──────── Exercise inputs

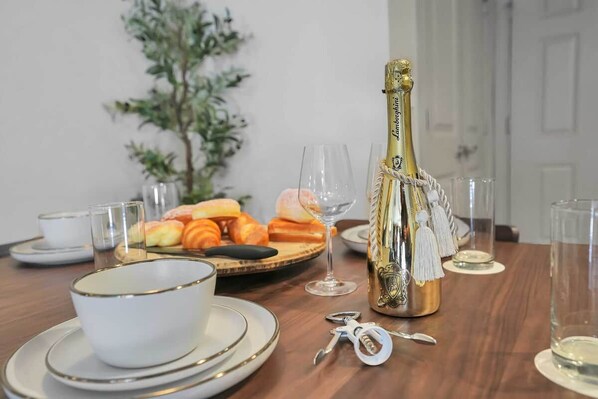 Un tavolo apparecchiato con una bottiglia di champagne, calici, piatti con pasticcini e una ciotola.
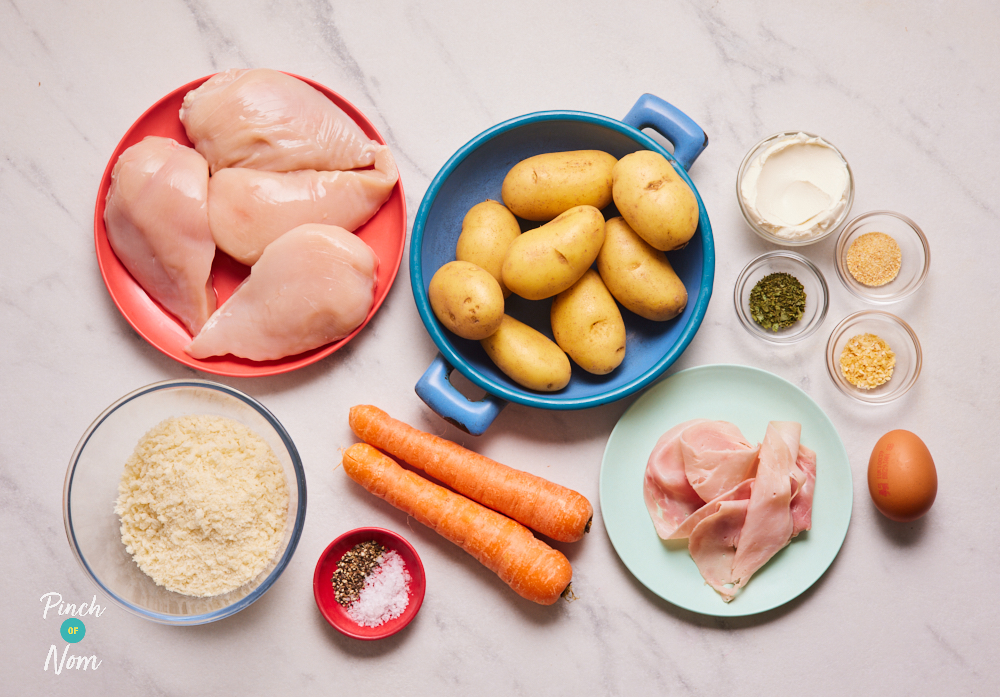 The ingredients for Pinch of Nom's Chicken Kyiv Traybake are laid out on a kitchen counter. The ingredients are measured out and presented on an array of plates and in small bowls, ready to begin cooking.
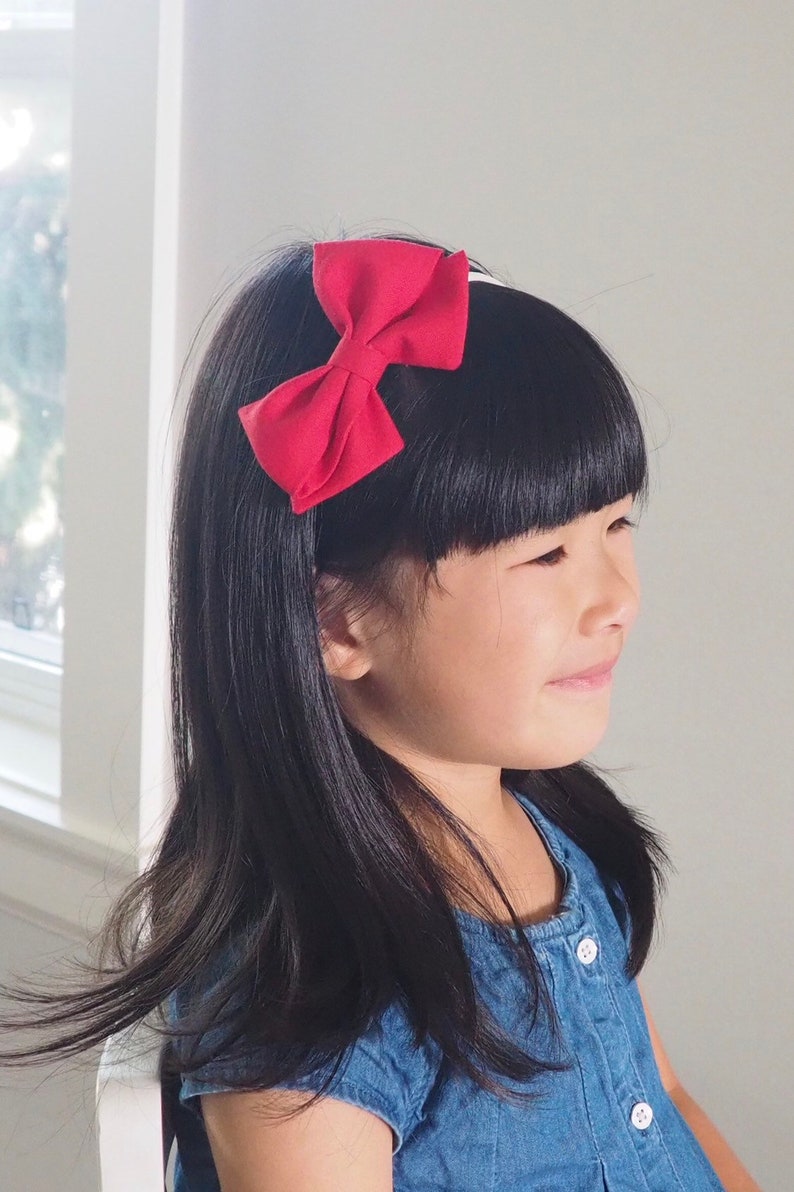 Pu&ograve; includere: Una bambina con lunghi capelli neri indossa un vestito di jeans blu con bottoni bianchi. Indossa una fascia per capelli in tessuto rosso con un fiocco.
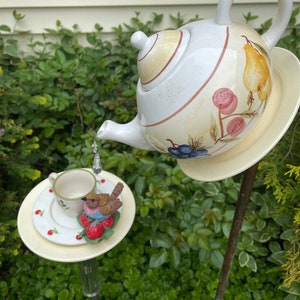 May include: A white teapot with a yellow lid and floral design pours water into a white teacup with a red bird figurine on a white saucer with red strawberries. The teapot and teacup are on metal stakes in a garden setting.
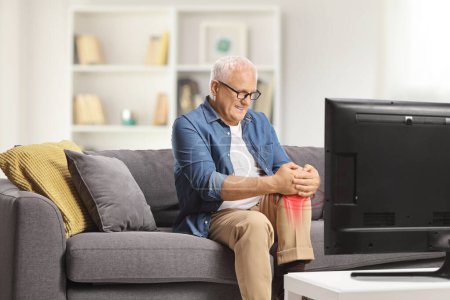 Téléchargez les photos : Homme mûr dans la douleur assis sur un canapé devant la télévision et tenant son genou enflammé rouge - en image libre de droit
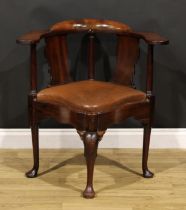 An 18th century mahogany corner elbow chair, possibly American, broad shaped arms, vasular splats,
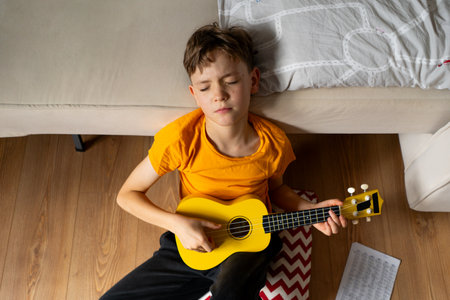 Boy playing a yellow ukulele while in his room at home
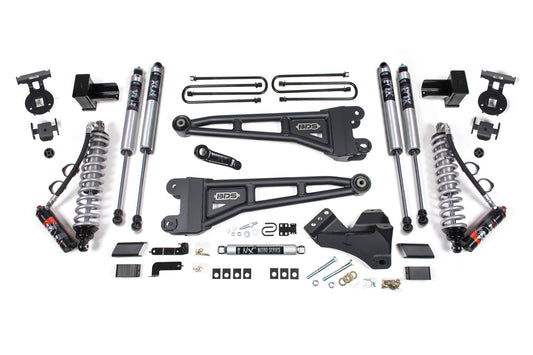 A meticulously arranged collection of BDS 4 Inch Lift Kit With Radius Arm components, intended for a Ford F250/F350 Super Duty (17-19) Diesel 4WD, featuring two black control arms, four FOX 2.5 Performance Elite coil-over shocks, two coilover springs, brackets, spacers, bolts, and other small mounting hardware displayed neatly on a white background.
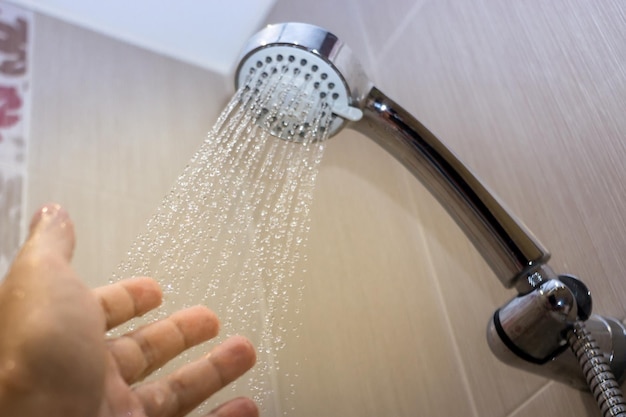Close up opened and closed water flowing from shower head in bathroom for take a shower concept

────────────────

### Instructions to follow:
From the line that contains "A meticulously arranged" through the last line of the listing, copy each line exactly; both end lines stay in, and pictures stay out.

### Answer to the problem:
 A meticulously arranged collection of BDS 4 Inch Lift Kit With Radius Arm components, intended for a Ford F250/F350 Super Duty (17-19) Diesel 4WD, featuring two black control arms, four FOX 2.5 Performance Elite coil-over shocks, two coilover springs, brackets, spacers, bolts, and other small mounting hardware displayed neatly on a white background.
Close up opened and closed water flowing from shower head in bathroom for take a shower concept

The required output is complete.